Com a revolução em Lisboa, as tropas portuguesas em Angola, perderam a seautoridade total assim lhes foi ordenado e eles assim cumpriam, era como nós não fossemos Portugueses nada faziam para nos proteger. Era como se a atitude anti-guerra, motivação originária da rebelião militar, tivesse assumido a preponderância sobre tudo o resto, deixando quem estava em Angola, à mercê de toda a espécie de malfeitorias. Não havia quem nos protegesse. Cada saída era um imponderável. Foram incontáveis os ataques, os roubos, as agressões, as violações, as mortes, sem que militares ou polícias fizessem alguma coisa. Assisti a coisas que davam um filme de terror, noites e noites de bombardeamentos sem fim…
Ao que se constava, as ordens que os militares e a polícia tinham, a mando de Rosa Coutinho e similares, eram apenas para virem embora e o mais depressa possível, deixar tudo e regressar a Lisboa. Ainda lembro, como eu cheio de angústia via as nossas tropas a passar á nossa porta a caminho do local de embarque. Era tão aterrador assistir a essa situação, pareciam uns covardes a fugir e a abandonar o povo ou povo, que até então defenderam.

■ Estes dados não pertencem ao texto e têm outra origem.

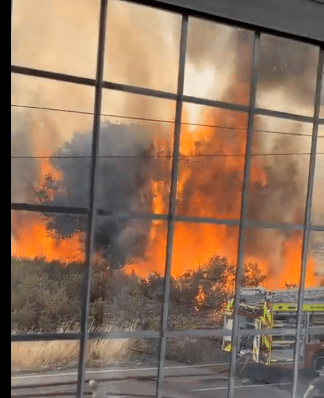 A Grass Fire Near Longleigh Lane In Bexleyheath Is Being Fought By Six Fire Engines And Approximately 40 Firefighters.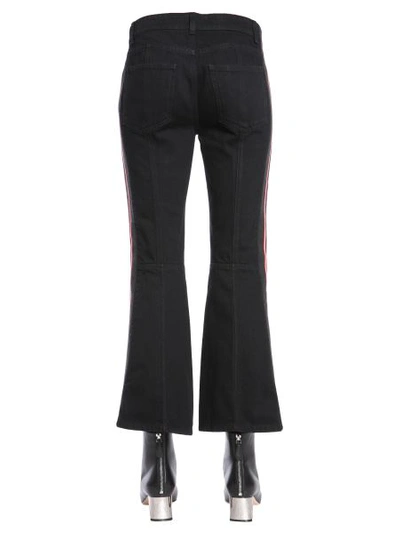 Shop Alexander Mcqueen Kickback Trousers In Black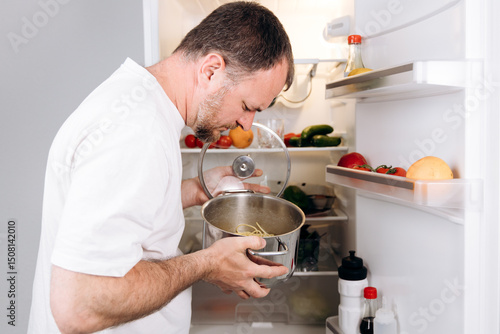 Man inspecting a pot of spoiled food in an open refrigerator filled with various vegetables and fruits, highlighting the importance of food safety and proper storage practices in a kitchen environment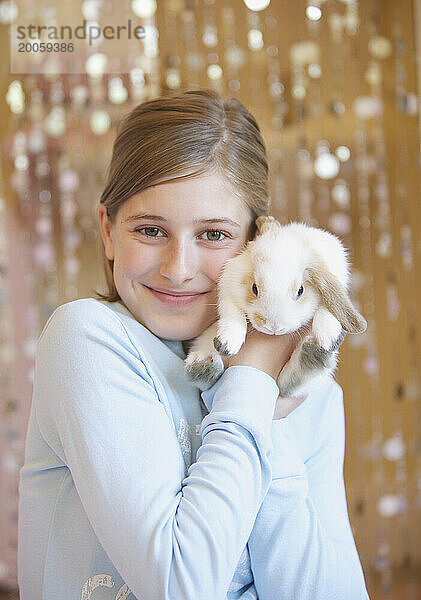 Mädchen hält weißes Kaninchen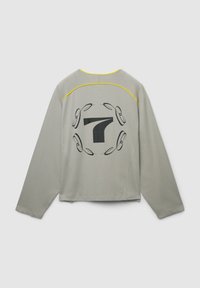 Maglietta a maniche lunghe grigia chiara con bordo giallo sulla parte superiore della schiena e grande numero 7 nero circondato da un design astratto circolare sul retro.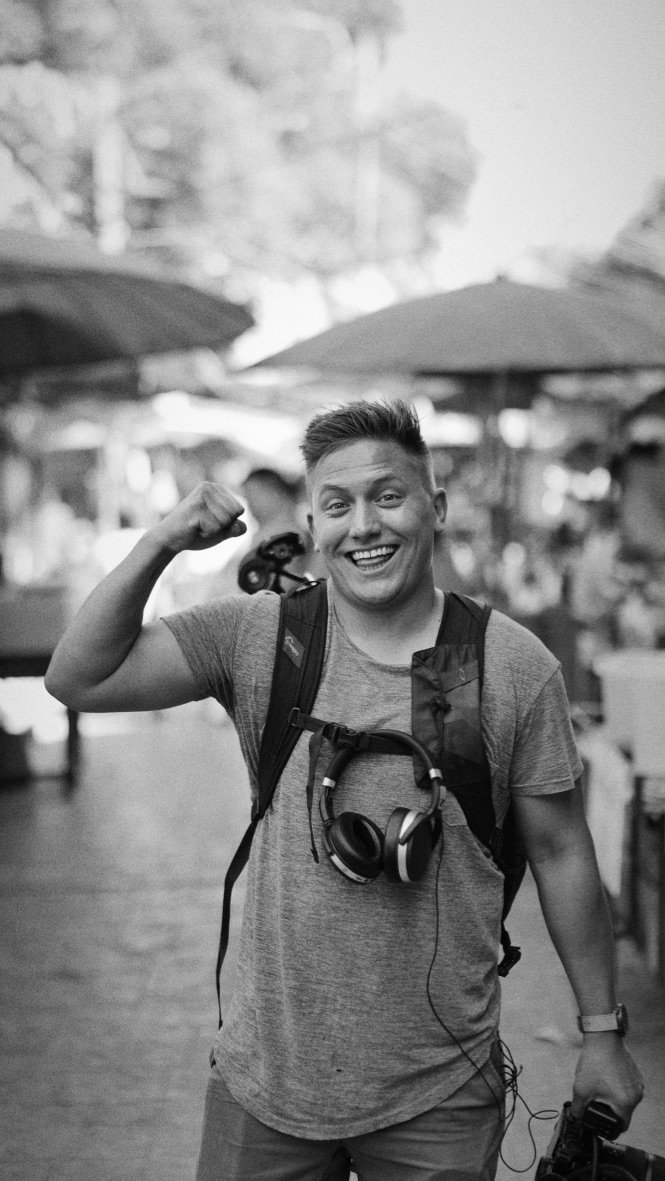 Man in gray shirt with headphones around neck, smiling and flexing arm in outdoor market.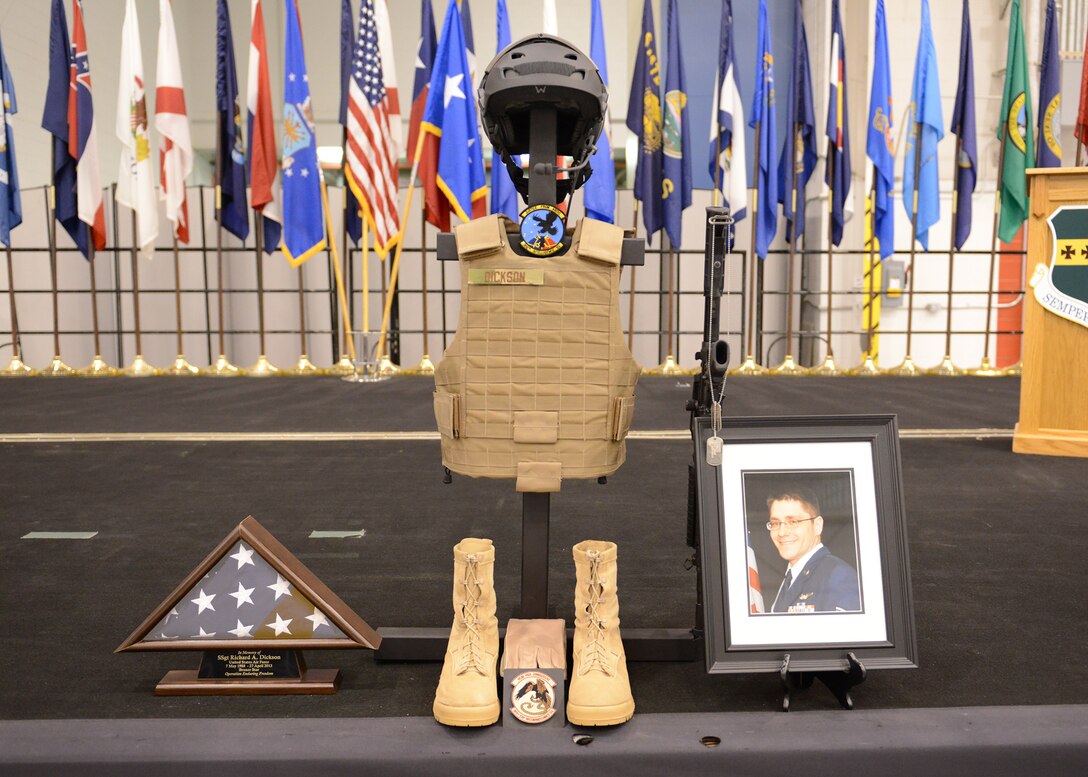 A fallen warrior display honors Staff Sgt. Richard Dickson at a memorial service, May 6, on Beale Air Force Base, Calif.  Dickson, a 306th Intelligence Squadron airman, and Capt. Reid Nishizuka, from the 427th Reconnaissance Squadron, were among four MC-12 crew members who perished when their aircraft went down in Afghanistan, April 27, 2013. (U.S. Air Force photo/John Schwab)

Deveriam ficar até o último Português estar a salvo, deviam defender-nos protegendo-nos e tentar impedir que nada de mal nos acontecesse, tenho a certeza que seria assim num país civilizado, e que tivesse respeito e patriotismo, mas sabem lá o que é isso os homens do 25 de Abril, só ódio e revolta e raiva. Não tenho qualquer respeito pelos que ordenaram essa crueldade.

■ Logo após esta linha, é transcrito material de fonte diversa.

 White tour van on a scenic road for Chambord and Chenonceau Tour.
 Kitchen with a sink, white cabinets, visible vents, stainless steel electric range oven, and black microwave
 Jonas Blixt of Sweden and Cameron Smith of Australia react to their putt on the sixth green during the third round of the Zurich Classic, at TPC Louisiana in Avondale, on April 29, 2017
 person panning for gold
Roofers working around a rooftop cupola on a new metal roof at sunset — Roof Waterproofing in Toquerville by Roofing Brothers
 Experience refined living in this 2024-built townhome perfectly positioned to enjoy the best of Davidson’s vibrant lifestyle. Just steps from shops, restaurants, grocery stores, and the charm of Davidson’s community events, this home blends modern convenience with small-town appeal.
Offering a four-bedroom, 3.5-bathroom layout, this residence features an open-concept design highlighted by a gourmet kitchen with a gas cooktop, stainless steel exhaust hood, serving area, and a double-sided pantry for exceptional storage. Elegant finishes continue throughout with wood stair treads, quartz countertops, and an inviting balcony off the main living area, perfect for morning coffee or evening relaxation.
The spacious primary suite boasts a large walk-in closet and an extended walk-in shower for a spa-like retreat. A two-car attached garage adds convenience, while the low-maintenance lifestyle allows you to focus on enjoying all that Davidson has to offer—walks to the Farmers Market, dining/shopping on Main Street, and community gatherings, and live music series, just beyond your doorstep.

Muitos não conseguiram trazer nada a não ser, trazer 5.000$00, trocados por 5.000 Angolares, tudo o resto, que tinham economizado para puder, vir cá passar férias, teve de lá ficar, muitos com ordens de transferência para bancos aqui na cidade de Lisboa, mas ainda hoje estão à espera, não apareceu. E já lá vão valentes anos.